● REQUIRED ACTION: When a line of the entries contains the word "Camera", report that line.

----- INFORMATION SHOWN

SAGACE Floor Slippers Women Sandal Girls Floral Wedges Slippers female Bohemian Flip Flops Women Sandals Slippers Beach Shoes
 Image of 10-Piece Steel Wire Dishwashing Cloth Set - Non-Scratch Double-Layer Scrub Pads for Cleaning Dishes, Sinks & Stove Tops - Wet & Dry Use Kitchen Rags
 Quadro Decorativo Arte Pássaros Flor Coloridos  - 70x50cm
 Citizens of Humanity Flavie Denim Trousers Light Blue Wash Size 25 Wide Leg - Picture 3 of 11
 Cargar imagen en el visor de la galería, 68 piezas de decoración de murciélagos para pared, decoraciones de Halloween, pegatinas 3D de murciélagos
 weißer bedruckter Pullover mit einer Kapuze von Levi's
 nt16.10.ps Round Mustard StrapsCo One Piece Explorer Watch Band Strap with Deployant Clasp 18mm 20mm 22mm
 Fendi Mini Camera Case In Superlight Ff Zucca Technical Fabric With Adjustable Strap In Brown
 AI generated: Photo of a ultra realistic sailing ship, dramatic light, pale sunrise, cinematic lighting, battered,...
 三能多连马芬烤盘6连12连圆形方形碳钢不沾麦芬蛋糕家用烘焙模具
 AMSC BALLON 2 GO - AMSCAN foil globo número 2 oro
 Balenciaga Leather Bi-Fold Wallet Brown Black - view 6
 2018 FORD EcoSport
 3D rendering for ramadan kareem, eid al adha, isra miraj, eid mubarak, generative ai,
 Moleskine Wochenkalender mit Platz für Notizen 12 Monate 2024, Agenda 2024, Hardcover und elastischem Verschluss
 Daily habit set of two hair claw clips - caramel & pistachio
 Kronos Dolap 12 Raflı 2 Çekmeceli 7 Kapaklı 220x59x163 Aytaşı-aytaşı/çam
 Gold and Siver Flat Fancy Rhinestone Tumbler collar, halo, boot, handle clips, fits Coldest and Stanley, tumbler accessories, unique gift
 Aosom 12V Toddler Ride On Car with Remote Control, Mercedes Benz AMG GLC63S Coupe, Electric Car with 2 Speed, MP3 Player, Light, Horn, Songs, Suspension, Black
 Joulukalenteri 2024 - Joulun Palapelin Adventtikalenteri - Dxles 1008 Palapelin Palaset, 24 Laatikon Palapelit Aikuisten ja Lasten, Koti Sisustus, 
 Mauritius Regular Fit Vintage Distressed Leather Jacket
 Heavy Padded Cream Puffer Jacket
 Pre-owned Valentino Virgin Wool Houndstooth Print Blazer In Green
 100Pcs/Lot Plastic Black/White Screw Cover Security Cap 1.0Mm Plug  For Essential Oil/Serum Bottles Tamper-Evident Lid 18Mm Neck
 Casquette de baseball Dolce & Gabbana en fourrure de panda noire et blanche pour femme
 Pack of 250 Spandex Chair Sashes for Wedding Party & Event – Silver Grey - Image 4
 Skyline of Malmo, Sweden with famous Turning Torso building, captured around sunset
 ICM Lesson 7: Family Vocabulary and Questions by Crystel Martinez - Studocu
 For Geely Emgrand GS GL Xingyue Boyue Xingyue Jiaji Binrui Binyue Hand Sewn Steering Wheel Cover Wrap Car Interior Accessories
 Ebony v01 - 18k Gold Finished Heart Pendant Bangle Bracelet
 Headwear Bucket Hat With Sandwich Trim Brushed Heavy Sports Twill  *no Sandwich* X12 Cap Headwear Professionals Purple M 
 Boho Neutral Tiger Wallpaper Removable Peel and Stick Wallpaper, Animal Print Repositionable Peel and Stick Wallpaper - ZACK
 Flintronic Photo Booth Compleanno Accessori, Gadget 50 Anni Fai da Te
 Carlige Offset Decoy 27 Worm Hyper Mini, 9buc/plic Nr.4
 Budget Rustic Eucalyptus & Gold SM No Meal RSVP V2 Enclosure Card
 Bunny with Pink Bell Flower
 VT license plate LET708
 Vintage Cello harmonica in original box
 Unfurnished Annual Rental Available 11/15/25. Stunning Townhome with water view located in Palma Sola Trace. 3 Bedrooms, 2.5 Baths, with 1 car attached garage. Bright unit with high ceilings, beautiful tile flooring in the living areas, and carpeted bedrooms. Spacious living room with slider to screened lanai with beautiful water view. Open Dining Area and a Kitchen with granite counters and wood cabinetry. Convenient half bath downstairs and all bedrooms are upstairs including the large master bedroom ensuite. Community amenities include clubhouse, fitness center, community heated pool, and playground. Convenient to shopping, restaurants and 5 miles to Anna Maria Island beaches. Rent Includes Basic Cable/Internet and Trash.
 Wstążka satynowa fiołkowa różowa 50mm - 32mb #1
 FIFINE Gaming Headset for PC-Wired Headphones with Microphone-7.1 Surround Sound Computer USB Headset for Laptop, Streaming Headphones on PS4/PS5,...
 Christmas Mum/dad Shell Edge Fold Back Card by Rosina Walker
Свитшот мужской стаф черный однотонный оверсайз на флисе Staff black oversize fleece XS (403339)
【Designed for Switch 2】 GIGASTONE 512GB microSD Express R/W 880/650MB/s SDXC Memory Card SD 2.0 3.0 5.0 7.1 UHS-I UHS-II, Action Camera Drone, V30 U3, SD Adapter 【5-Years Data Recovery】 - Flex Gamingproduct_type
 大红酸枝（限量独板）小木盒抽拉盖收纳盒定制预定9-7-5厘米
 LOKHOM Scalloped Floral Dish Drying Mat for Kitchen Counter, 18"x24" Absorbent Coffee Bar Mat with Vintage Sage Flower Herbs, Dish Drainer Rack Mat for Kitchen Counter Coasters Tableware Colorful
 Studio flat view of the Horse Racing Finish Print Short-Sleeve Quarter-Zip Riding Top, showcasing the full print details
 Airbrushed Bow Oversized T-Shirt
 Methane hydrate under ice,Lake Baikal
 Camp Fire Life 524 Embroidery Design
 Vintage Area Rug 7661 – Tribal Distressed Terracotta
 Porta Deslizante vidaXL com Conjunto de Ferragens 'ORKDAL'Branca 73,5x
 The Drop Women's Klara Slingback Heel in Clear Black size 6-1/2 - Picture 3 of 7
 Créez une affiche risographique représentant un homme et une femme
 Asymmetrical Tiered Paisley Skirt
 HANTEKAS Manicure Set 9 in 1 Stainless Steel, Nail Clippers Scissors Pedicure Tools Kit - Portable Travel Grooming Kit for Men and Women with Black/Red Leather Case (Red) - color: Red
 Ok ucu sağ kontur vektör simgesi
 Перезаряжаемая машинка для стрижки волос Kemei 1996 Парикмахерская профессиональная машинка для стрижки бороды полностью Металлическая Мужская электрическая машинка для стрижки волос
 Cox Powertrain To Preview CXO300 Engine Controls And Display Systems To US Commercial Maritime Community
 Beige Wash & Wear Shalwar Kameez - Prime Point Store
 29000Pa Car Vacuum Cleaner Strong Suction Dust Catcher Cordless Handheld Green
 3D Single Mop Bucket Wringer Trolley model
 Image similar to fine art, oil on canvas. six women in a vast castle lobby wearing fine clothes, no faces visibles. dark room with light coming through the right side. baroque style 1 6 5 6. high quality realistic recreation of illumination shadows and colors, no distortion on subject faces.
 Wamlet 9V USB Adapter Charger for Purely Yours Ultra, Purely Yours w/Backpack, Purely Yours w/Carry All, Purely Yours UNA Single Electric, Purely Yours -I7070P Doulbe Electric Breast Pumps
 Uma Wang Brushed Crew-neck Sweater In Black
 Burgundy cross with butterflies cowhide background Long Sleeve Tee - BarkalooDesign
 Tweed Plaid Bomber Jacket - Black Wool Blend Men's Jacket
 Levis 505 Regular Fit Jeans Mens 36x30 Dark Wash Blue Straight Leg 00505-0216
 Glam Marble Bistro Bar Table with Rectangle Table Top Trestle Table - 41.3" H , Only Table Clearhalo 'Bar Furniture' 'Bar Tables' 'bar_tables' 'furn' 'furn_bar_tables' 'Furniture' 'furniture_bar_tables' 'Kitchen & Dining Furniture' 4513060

----------

● ANSWER SPACE:
 Fendi Mini Camera Case In Superlight Ff Zucca Technical Fabric With Adjustable Strap In Brown
【Designed for Switch 2】 GIGASTONE 512GB microSD Express R/W 880/650MB/s SDXC Memory Card SD 2.0 3.0 5.0 7.1 UHS-I UHS-II, Action Camera Drone, V30 U3, SD Adapter 【5-Years Data Recovery】 - Flex Gamingproduct_type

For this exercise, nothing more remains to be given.